Illegal behaviour in regards to deer hunting includes hunting without a Game Licence, using incorrect firearms, calibres and ammunition, hunting in prohibited areas including hunting on private property without permission, breaching Victoria’s spotlighting laws and regulations and the incorrect use of dogs and dog breeds.

For hunters looking to do the right thing, Sgt Kelly said the local firearms dealerships are an excellent source of information and now run the Firearms Safety Courses.

“The pre-requisites for getting a firearms licence cover the education aspect and there is a plethora of information available online from the Victoria Police website as well as Game Management Authority and other government agencies, not to mention plenty of private providers,” he said.

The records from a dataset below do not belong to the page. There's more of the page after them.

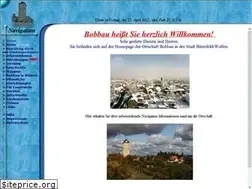 Sites similar to bobbau.info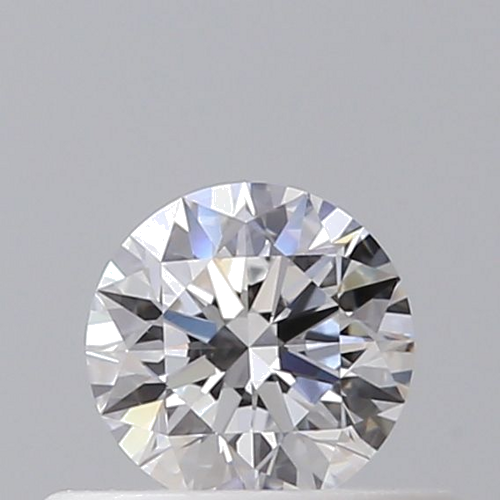 0.3 carat D-IF Very Good cut Natūralus Round Deimantas (1)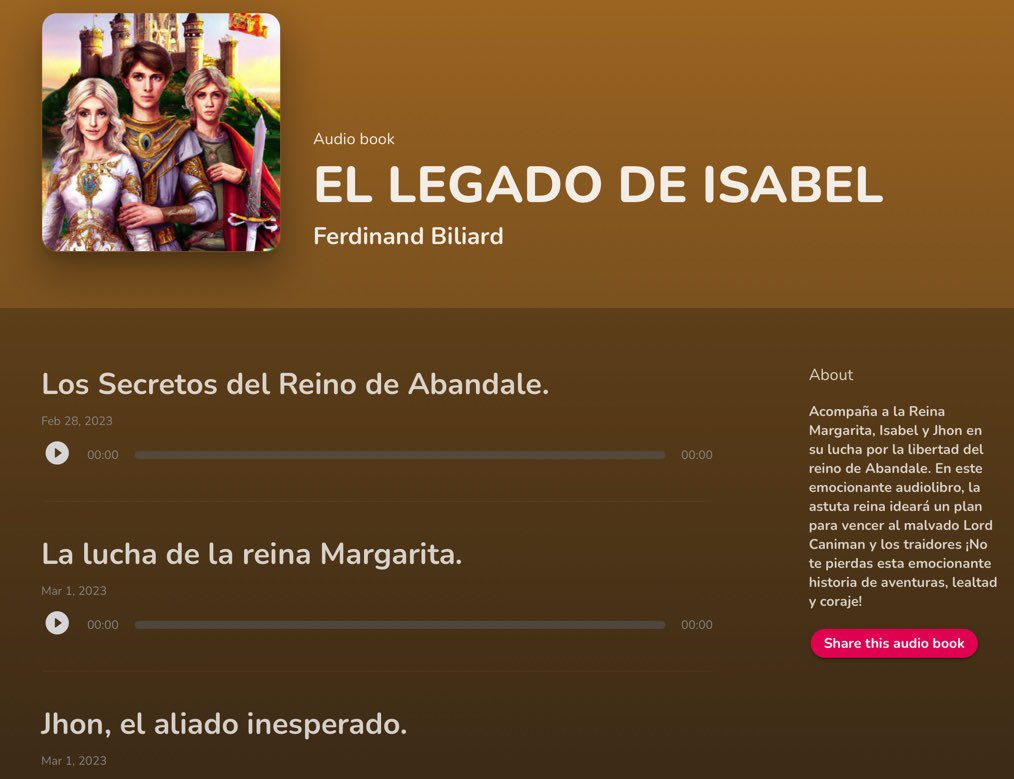 Buscadorestwitt's tweet photo. Gran noticia! El proyecto Reading Lab ya tiene su sitio en la Torre Uno del Metaverso METACB. Y lo mejor de todo es que están preparando magníficos productos, como esta miniserie audible. Pronto podrás disfrutar de sus beneficios uniéndote al Club de Buscadores. #ReadingLab https://t.co/21ElMOXajd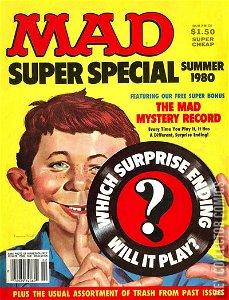 Mad Super Special #31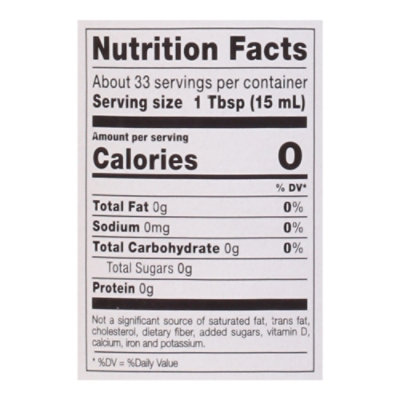 Kings Organic Apple Cider Vinegar With The Mother - 16.9 Fl. Oz. - Image 4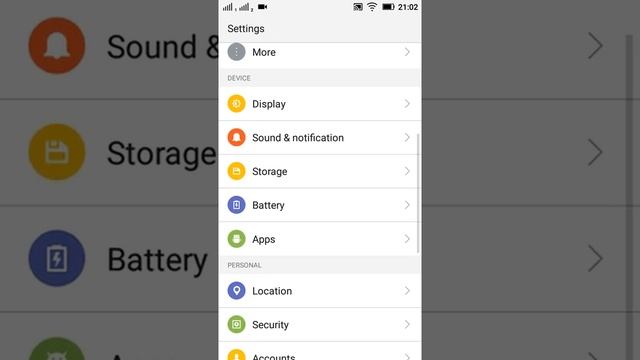 4 Cara Menampilkan Icon Aplikasi yang Hilang pada Android смотреть онлайн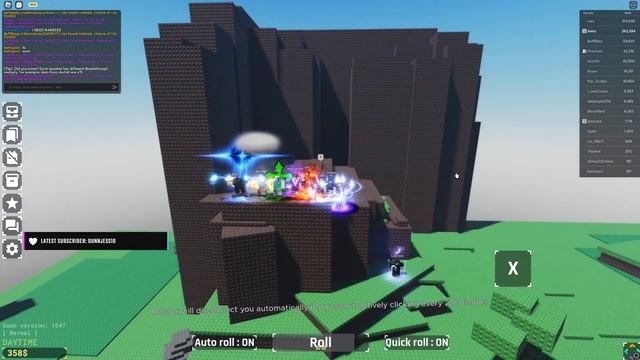 Trying To Get Hyper-Volt [LIVE] | Day 6 | Sol's RNG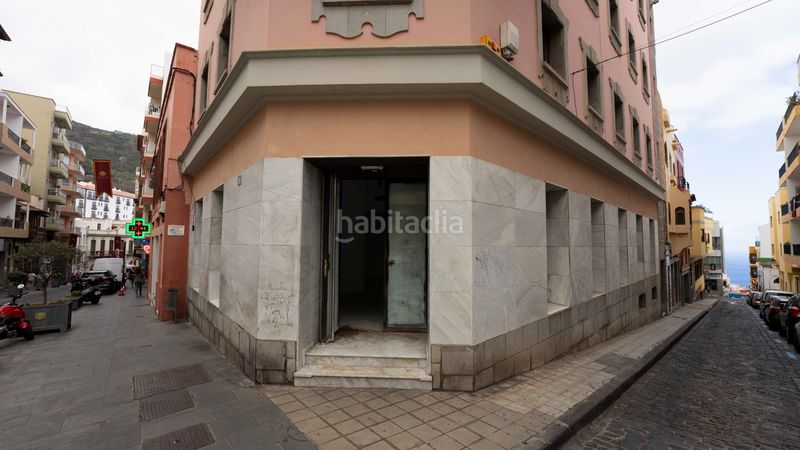 Foto 4e8f22dc-609d-4a80-8c66-b26f5e3b8b2d. Local comercial en calle infanta isabel 20 local en venta en la esquina de la calle san agustín, con la calle infanta isabel. en Icod de los Vinos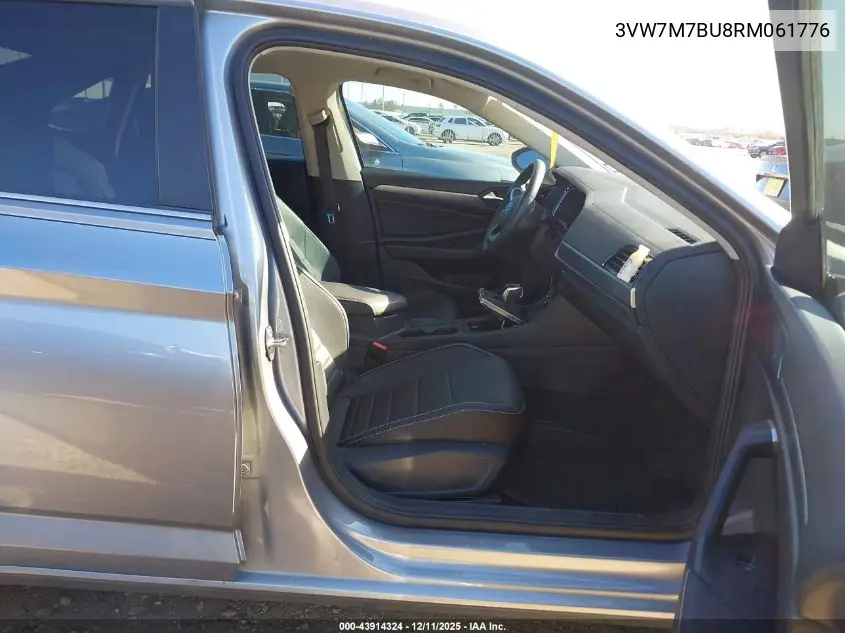 3VW7M7BU8RM061776 2024 Volkswagen Jetta 1.5T Se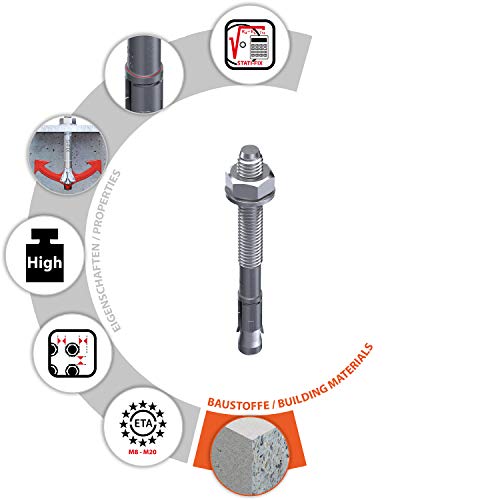 tox-s-fix-plus-bolzenanker-m6-x-70-12-mm-100-stk-verzinkt image 8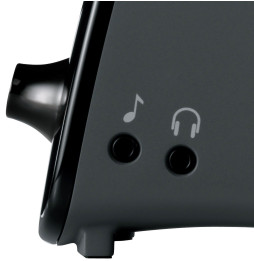 Logitech Z323 Haut-parleurs stéréo 2.1 30 W RMS - son à 360°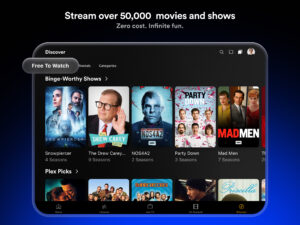 Plex: Find Movies & TV Shows 6.9.0.2683 Plex: Find Movies & TV Shows 6.9.0.2683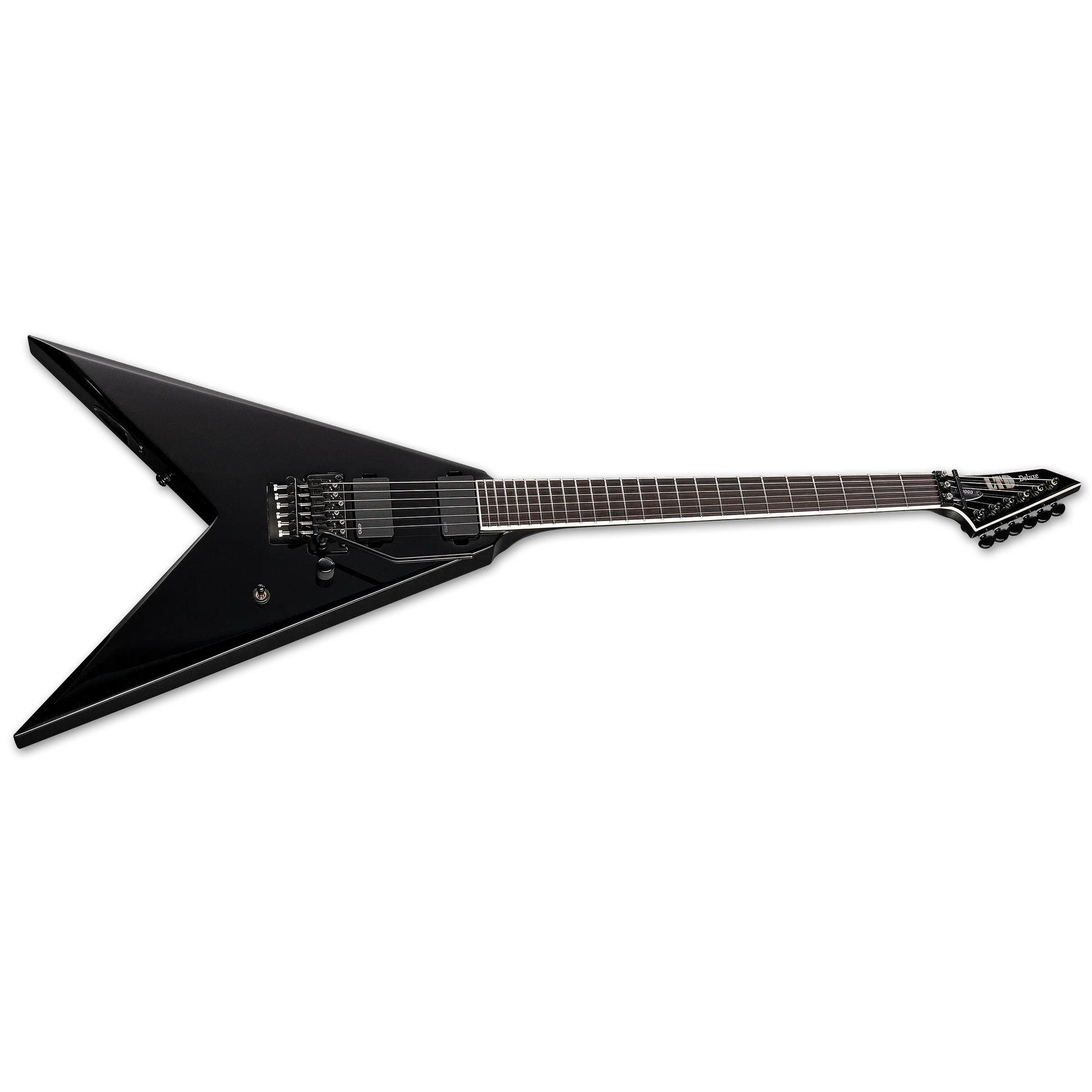 Đàn Guitar Điện ESP LTD NV-1000 HH, Ebony Fingerboard - Việt Music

Night hunting, illegal spotlighting or possessing a firearm in recognised deer habitat can lead to fines in excess of $3,600, equipment seizure, including firearms, spotlights and vehicles, and Game and Firearm Licences cancelled.

Sgt Kelly said residents can take note of any suspicious vehicles and obtain registrations if safe and possible, with a view to making a Crimestoppers report or calling a police station.

“Phone calls to the local non-24 hour police stations now divert to the closest 24-hour station when unmanned,” he said.

“If gunshots are heard or illegal activity involving firearms is suspected call 000.”